▶ **Problem to solve**
All of the data below should be printed again exactly, pictures excluded.

▶ **Material provided**
════════════════════
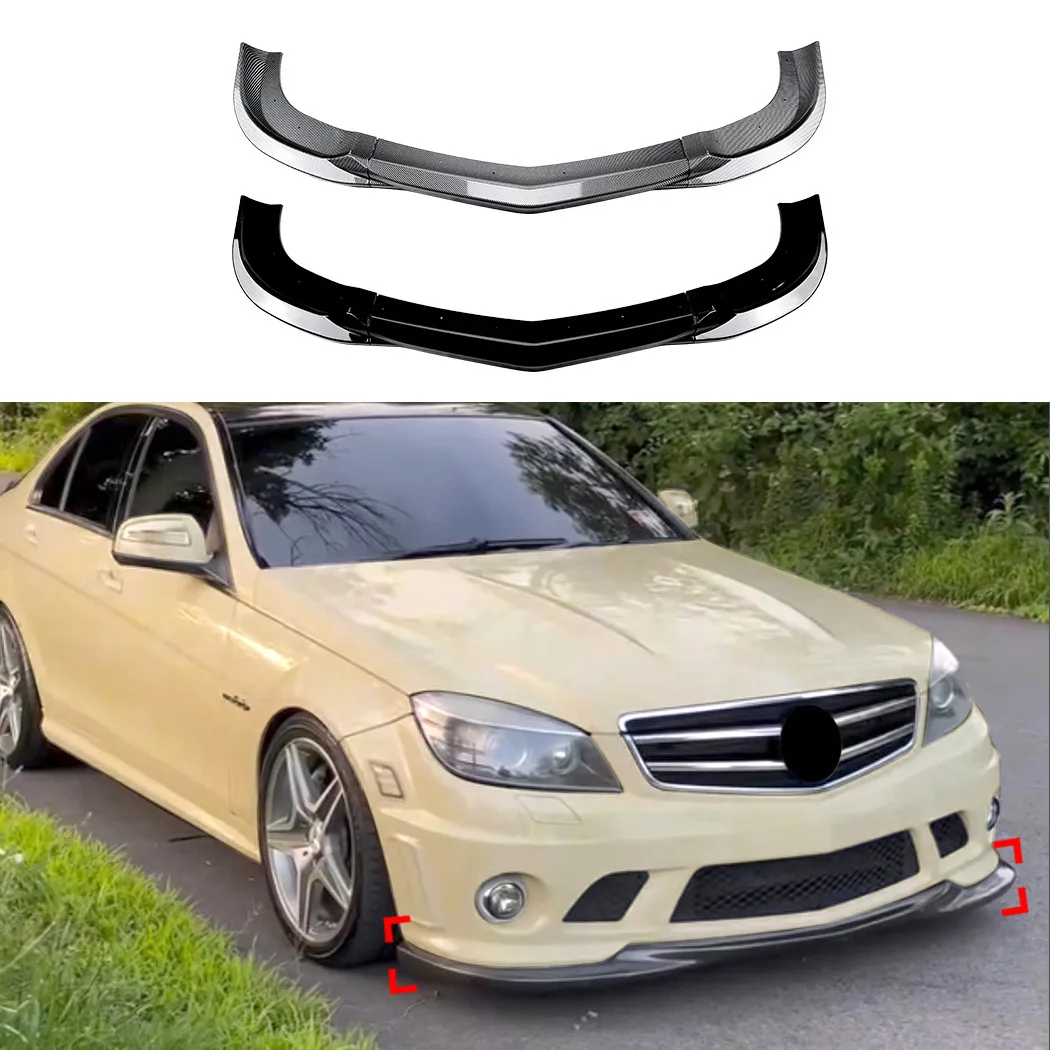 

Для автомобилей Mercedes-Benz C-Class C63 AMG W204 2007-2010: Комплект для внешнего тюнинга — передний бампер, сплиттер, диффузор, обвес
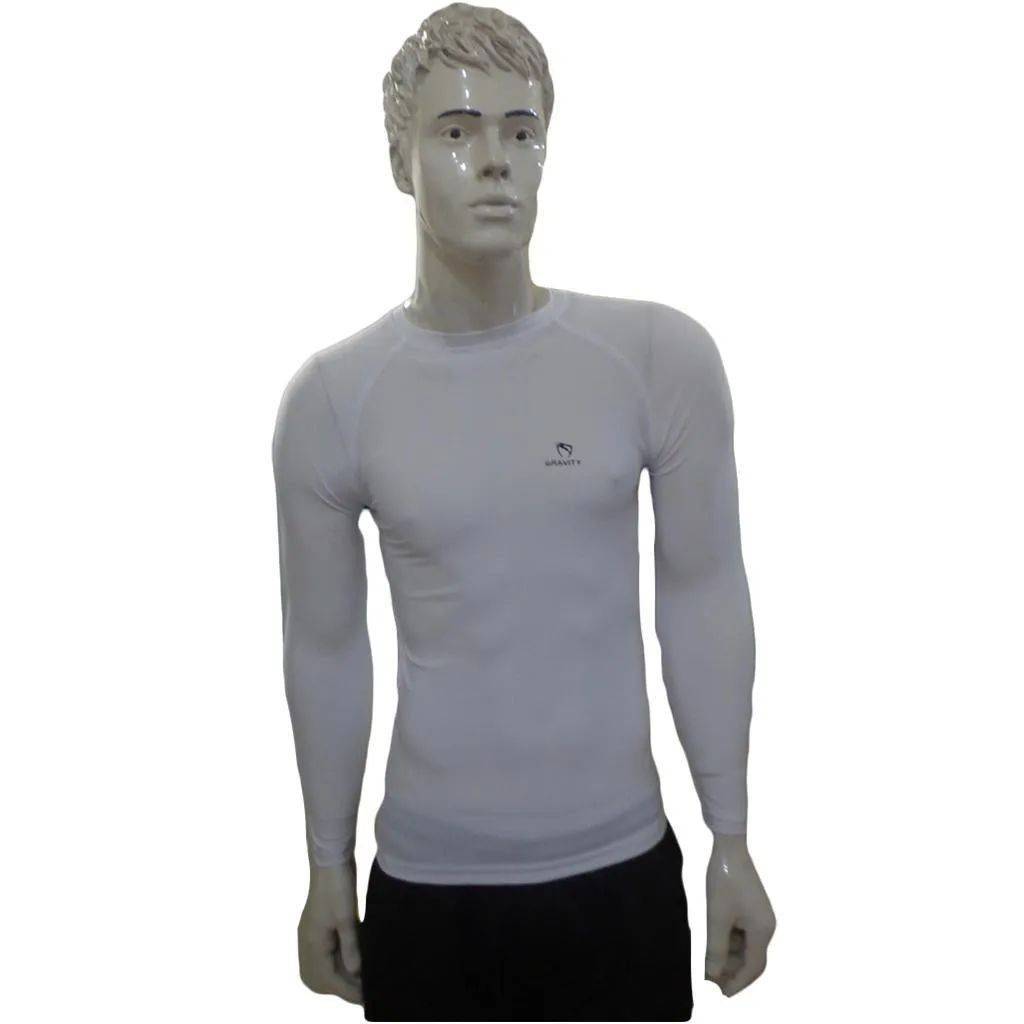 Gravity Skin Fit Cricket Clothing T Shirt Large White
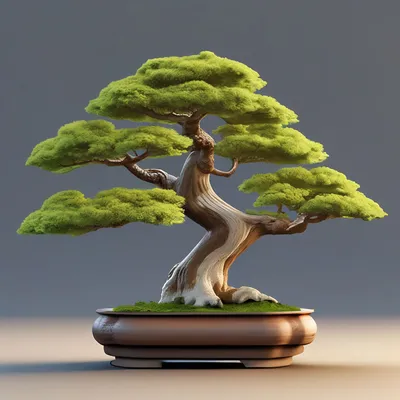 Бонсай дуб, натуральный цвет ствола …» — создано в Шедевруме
════════════════════
▶ **Exercise result**
Для автомобилей Mercedes-Benz C-Class C63 AMG W204 2007-2010: Комплект для внешнего тюнинга — передний бампер, сплиттер, диффузор, обвес
 Gravity Skin Fit Cricket Clothing T Shirt Large White
 Бонсай дуб, натуральный цвет ствола …» — создано в Шедевруме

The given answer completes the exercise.